Task item. Repeat the lines below exactly as written, please, from the line with "CYPRESS FALLS AT THE WOODLANDS - Residential" to the line with "Вебкамера Logitech HD", both lines included, and no others.

Records for this task.
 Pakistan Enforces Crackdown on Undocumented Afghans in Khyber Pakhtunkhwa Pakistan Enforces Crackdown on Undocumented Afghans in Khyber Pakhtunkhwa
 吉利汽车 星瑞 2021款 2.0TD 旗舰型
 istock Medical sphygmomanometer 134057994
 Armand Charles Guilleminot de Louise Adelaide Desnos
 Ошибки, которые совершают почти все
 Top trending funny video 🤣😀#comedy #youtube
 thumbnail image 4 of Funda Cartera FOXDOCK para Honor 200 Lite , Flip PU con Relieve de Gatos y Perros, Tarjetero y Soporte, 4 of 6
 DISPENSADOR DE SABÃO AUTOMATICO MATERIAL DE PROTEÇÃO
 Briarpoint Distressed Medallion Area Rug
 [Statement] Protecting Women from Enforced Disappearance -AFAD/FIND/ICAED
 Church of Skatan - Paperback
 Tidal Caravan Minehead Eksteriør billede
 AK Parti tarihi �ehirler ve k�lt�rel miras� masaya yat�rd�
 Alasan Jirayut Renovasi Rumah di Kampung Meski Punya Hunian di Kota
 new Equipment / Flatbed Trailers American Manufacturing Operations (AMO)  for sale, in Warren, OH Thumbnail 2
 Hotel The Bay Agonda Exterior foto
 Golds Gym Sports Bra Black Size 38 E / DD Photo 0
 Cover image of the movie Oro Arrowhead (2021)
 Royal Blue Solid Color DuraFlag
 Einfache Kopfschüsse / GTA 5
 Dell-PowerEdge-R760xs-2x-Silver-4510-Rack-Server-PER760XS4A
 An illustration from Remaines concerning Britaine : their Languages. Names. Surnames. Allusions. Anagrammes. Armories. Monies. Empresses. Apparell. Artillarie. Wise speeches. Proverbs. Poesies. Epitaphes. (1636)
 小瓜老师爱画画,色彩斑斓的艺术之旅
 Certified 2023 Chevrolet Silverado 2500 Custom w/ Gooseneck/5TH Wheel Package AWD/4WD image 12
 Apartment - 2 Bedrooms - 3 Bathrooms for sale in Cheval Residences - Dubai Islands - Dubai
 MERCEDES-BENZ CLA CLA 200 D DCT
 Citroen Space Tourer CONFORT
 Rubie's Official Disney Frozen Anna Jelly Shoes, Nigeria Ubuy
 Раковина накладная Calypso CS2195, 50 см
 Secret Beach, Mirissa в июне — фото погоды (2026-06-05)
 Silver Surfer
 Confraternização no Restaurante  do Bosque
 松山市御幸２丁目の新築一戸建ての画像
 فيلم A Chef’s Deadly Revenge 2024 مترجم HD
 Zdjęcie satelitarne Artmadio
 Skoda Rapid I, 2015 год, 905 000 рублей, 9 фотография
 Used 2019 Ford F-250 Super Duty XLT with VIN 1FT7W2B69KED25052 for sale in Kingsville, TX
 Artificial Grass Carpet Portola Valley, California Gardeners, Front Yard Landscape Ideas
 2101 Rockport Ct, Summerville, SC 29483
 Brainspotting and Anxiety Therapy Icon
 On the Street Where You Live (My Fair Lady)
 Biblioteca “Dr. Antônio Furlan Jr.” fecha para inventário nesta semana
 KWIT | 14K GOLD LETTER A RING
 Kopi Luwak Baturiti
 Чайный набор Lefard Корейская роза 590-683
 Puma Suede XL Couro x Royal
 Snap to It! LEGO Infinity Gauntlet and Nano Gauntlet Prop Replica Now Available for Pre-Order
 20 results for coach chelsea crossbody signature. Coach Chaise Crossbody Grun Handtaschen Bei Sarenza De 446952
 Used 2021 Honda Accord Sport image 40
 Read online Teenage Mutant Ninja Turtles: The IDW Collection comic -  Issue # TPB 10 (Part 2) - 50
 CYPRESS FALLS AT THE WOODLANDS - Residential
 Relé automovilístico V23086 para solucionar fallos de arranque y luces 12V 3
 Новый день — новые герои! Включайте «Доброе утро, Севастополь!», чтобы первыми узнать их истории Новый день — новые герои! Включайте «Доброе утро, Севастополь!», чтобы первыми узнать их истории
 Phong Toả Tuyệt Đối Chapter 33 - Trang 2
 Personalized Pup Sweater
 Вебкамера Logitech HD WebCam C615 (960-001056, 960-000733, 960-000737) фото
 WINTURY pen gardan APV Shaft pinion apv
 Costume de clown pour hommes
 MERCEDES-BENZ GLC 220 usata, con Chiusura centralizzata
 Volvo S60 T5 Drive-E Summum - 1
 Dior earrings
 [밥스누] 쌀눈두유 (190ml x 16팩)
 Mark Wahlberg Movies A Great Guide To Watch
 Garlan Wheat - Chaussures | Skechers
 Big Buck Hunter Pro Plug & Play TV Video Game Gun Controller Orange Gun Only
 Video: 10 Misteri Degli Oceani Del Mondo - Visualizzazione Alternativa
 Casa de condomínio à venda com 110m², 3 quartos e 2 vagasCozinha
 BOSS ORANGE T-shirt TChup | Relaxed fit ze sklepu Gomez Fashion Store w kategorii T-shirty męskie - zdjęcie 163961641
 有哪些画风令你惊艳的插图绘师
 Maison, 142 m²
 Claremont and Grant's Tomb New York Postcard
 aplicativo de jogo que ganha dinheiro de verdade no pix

Reply.
 CYPRESS FALLS AT THE WOODLANDS - Residential
 Relé automovilístico V23086 para solucionar fallos de arranque y luces 12V 3
 Новый день — новые герои! Включайте «Доброе утро, Севастополь!», чтобы первыми узнать их истории Новый день — новые герои! Включайте «Доброе утро, Севастополь!», чтобы первыми узнать их истории
 Phong Toả Tuyệt Đối Chapter 33 - Trang 2
 Personalized Pup Sweater
 Вебкамера Logitech HD WebCam C615 (960-001056, 960-000733, 960-000737) фото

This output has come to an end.